Spider bites - first aid

• Wash site with soap and water
• Apply ice to reduce swelling and slow the rate of venom absorption
• Monitor victim
• Have victim seek medical treatment
• Treat for shock

Snake bites - indicators and first aid

Indicators
• Pain, redness, and swelling which begins quickly after bite
• Fang marks
• Shortness of breath
• Tingling around victim’s mouth
• Bloody vomiting (appearance of coffee grounds)
• Shock
• Coma



First aid
• Keep the victim calm and quiet
• Place the affected area in a neutral position
• Immobilize the affected area (use splints if necessary)
• Do not attempt to suck the venom from the bite
• Do not cut the area
• Take measures to prevent shock
• Seek medical attention
• Attempt to identify the snake

Animal and human bites - indicators and first aid

Indicators
• Pain, redness, swelling at the site
• Damage can range from puncture wound of skin to severe laceration or avulsion of tissue



First aid
• Control bleeding if necessary
• Wash site with soap and water
• Cover with clean dry dressing
• Take measures to prevent shock
• Monitor victim
• Seek medical attention



NOTE: If possible, an attempt should be made to identify the circumstances that led to the bite and locate the animal for rabies testing

Childbirth - Who can deliver a baby

Only the woman herself can deliver her infant

Childbirth - First responder role

If called upon to assist during normal childbirth, it is the peace officer’s role to activate the EMS system, determine if the woman can be transported prior to the birth, and provide support as the woman delivers the infant.

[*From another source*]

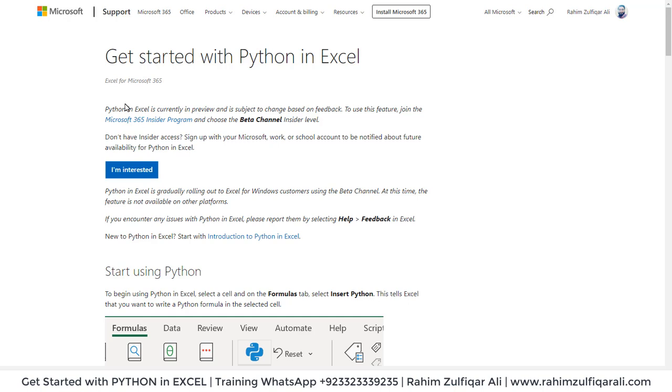It's written that Python in Excel is currently in preview and it's subject to change based on feedback. To use this feature, join the Microsoft 365 Insider program and choose the beta channel Insider level.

Childbirth - First responder actions

The First Responder should build a rapport by introducing themselves to the mother. First responders should:
• use Personnel Protective Equipment (PPE) properly
• prevent explosive delivery with gentle pressure on the delivery head
• use a firm grip on the infant as newborns are slippery
• clear airway
• dry infant quickly and keep warn
• keep new born at the same level as the mother
• deliver the placenta and save it for transport with mother

Childbirth - transport

One of the first decisions the assisting peace officer will need to make is whether or not to arrange for transport to a medical facility prior to delivery of the infant. The woman can be safely transported only if she is in the first stage of labor (not straining, contractions are greater than 5 minutes apart, no signs of crowning).



NOTE: If transport is safe, continue to monitor the woman while waiting for EMTs to arrive at the scene.

Childbirth - Imminent birth

If any of the following conditions exist, the mother is entering the second stage of labor and birth may be imminent. The woman should not be transported.



Indications that birth may be imminent include:
• contractions that are occurring less than two minutes apart (five minutes if second or subsequent birth)
• the woman feels an urgent need to bear down
• crowning is present
• the amniotic sac has ruptured (i.e., the woman’s water has broken)

Childbirth - complications - excessive bleeding

Indicators
• Profuse bleeding from vagina
• Mother may or may not experience abdominal pain



First Aid
• Take appropriate measures to prevent shock
• Absorb blood with towels or pads, apply more as necessary
• Arrange for immediate transfer to a medical facility

Childbirth - complications - transportation considerations

Should any of the following conditions exist, immediately transport mother to nearest medical facility:
• Limb presentation
• Breach presentation (buttocks first)
• Cord presentation
• Delayed delivery
In preparing for transportation, ensure mother is in the prone knee to chest position.

Childbirth - newborn fails to breathe

A newborn should begin breathing on its own within 30 seconds after birth. If it fails to breathe, rubbing the infant’s back or tapping the infant’s feet may stimulate spontaneous respiration.



If the newborn still fails to breathe on its own, rapid first aid measures are required. The following actions should be taken:
• Check for a brachial pulse
• If there is a pulse, begin rescue breathing
• If there is no pulse, begin CPR immediately



NOTE: Use caution not over extend the infant’s neck. This could close the airway or damage the infant’s trachea. Use reduced volume (a cheekful of air) for breaths being careful not to over inflate the infant’s lungs.